En effet, le Commissaire européen au développement et à l’action humanitaire d’alors, Louis Michel a contribué à faire descendre plus le processus dans l’abîme. « Il a réussi, grâce aux marchandages, à faire avaliser les résultats frauduleux de cette élection (ndlr : Présidentielle de 2005) à l’Union Européenne. Pour lui à l’époque, ce que l’opposition et tout le peuple togolais appellent des fraudes massives, n’est que de petits dysfonctionnements qui ne sont pas de nature à entacher la régularité du scrutin », a affirmé un leader politique. En somme , Louis Michel n’avait pas hésité à chanter un Togo féerique aux européens, juste pour faire reprendre la coopération. Ce qui a eu pour effet de renforcer le pouvoir de Lomé dans le refus d’instaurer la démocratie au Togo. « Cet homme entretient des relations obscures avec le pouvoir de Lomé, ce qui fait que lorsque le régime en place est en difficulté, il est sollicité. Louis Michel, c’est le démarcheur attitré de la reprise de la coopération de père en fils, celui qui loue les gouvernants en place, juste pour les prébendes », a-t-il dit avant d’ajouter « Le rôle qu’il a joué dans les événements de 2005 et dans la reprise de la coopération malgré le recul du pays en matière de démocratie le décrédibilise aux yeux des Togolais ». En outre, il faut noter que la société Zetes qui s’occupe de l’élaboration du fichier électoral au Togo depuis quelques années, appartient à Louis Michel. Le Monsieur est donc à la fois juge et client.

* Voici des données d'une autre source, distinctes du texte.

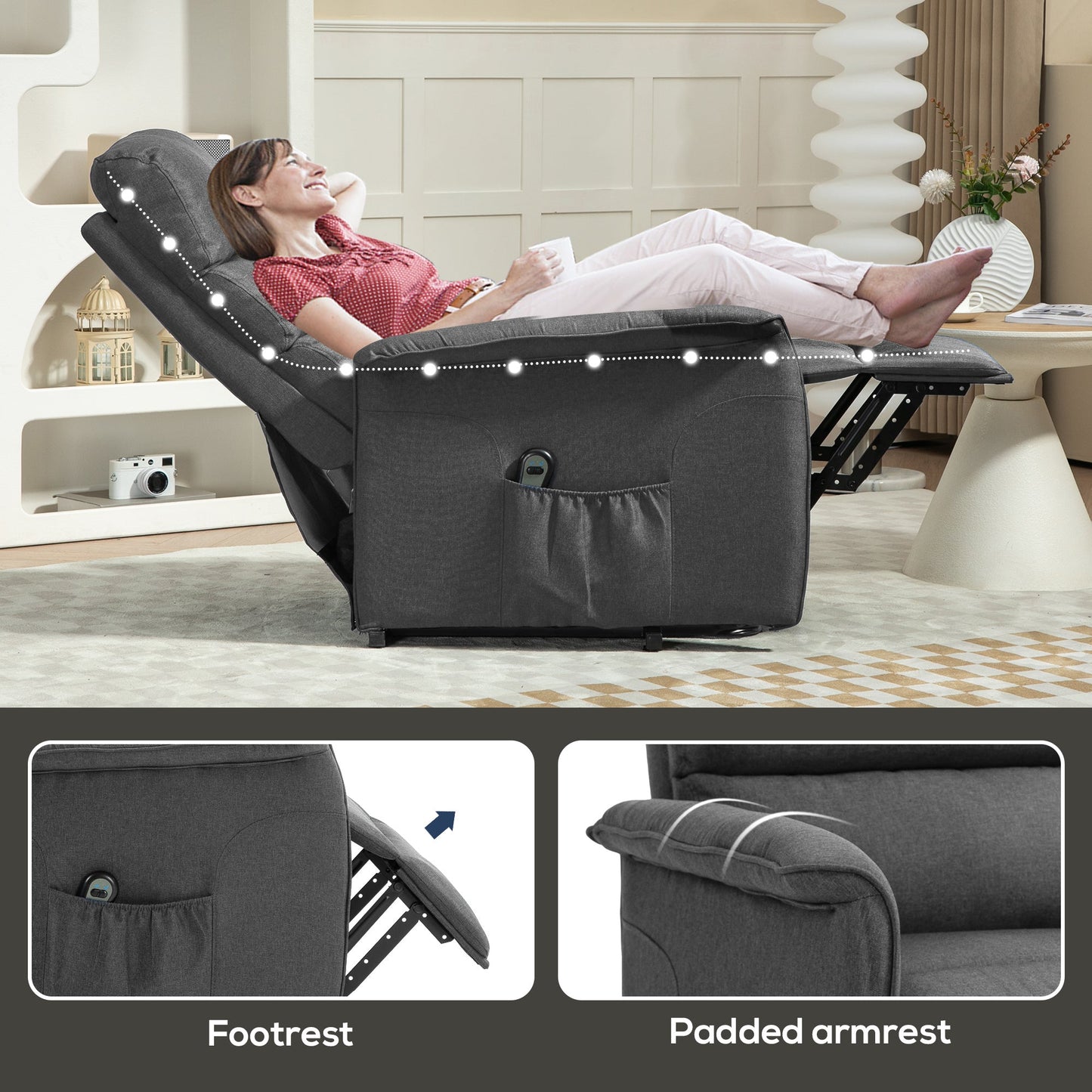 HOMCOM Power Lift Recliner Armchair, Electric Lift Chair for Elderly, Fabric Riser and Reclining Chair with Remote Control, Side Pockets, Extended Footrest, for Living Room, Dark Grey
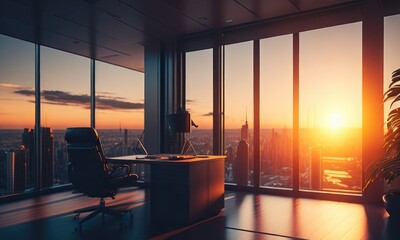 Wall Mural - Office background modern amazing view at evening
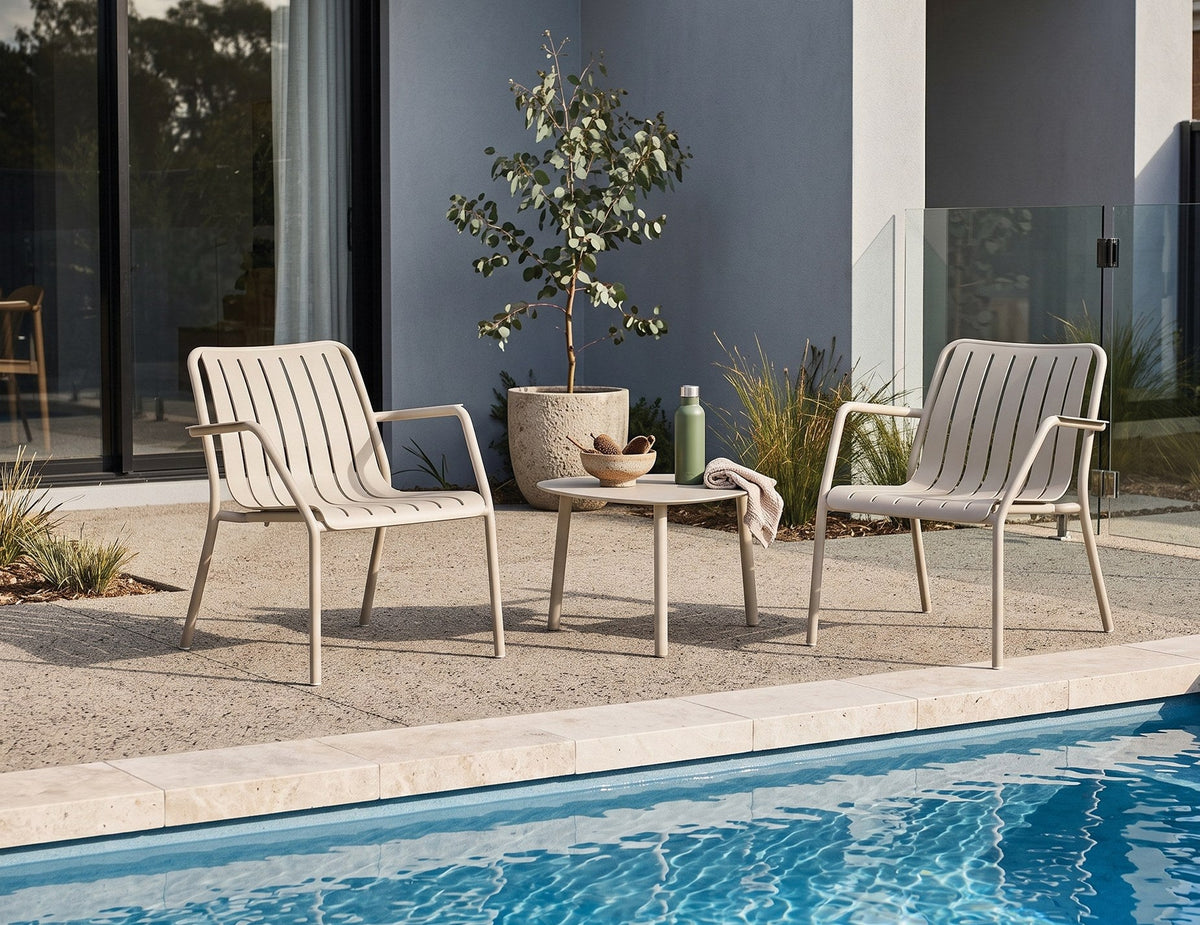 Roku Outdoor Lounge Chair in a styled interior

Aujourd’hui, on se rend compte que le régime togolais utilise le même procédé pour faire « avaler » aux députés européens, les résultats des élections législatives du 20 décembre dernier où les bureaux de vote ont été clairement désertés par les électeurs. Et pour donner une certaine légitimité à ce parlement composé des députés « nommés » au niveau du parlement européen, où certains élus comme Michèle Rivasi, membre du Parlement européen (Groupe des Verts/Alliance libre européenne) et vice-présidente de l’Assemblée parlementaire paritaire ACP-UE, n’ont hésité à désavouer publiquement Faure Gnassingbé et son pouvoir, le régime togolais fait encore appel à l’un de ses « amis » pour sauver les meubles.
A un an de l’élection présidentielle, le pouvoir de Lomé qui tente déjà de positionner Faure Gnassingbé pour un quatrième mandat ne veut sans aucun doute rien laissé au hasard.